= Source data =
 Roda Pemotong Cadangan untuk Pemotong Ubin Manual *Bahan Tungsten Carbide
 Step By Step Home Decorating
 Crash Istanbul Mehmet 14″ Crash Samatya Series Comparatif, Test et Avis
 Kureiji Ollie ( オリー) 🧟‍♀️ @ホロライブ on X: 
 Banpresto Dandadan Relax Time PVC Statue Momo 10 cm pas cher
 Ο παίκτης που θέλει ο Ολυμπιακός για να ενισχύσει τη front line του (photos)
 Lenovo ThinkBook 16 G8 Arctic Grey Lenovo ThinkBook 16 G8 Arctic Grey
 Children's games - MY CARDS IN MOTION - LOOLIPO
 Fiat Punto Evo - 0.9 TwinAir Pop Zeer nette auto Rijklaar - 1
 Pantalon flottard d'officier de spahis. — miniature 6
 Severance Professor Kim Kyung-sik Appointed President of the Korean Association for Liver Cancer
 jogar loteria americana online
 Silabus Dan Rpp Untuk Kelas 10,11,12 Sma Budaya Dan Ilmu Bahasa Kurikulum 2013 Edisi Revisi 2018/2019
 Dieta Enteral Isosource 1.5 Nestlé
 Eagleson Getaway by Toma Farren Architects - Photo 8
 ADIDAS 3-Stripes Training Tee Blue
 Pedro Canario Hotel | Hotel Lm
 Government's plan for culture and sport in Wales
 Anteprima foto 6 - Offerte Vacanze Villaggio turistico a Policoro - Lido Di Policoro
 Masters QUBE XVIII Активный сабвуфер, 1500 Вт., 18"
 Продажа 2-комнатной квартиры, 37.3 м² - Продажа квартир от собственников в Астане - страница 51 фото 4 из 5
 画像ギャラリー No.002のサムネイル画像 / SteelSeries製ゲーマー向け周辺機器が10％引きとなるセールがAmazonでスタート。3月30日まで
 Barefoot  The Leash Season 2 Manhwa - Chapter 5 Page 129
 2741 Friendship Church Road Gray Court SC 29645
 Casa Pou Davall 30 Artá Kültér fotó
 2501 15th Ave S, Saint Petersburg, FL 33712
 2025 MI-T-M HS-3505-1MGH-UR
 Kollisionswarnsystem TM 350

= Required action =
Output, please, only the lines running from the start of the entries through the line that contains "Children's games - MY", including both of those lines.

= Result =
 Roda Pemotong Cadangan untuk Pemotong Ubin Manual *Bahan Tungsten Carbide
 Step By Step Home Decorating
 Crash Istanbul Mehmet 14″ Crash Samatya Series Comparatif, Test et Avis
 Kureiji Ollie ( オリー) 🧟‍♀️ @ホロライブ on X: 
 Banpresto Dandadan Relax Time PVC Statue Momo 10 cm pas cher
 Ο παίκτης που θέλει ο Ολυμπιακός για να ενισχύσει τη front line του (photos)
 Lenovo ThinkBook 16 G8 Arctic Grey Lenovo ThinkBook 16 G8 Arctic Grey
 Children's games - MY CARDS IN MOTION - LOOLIPO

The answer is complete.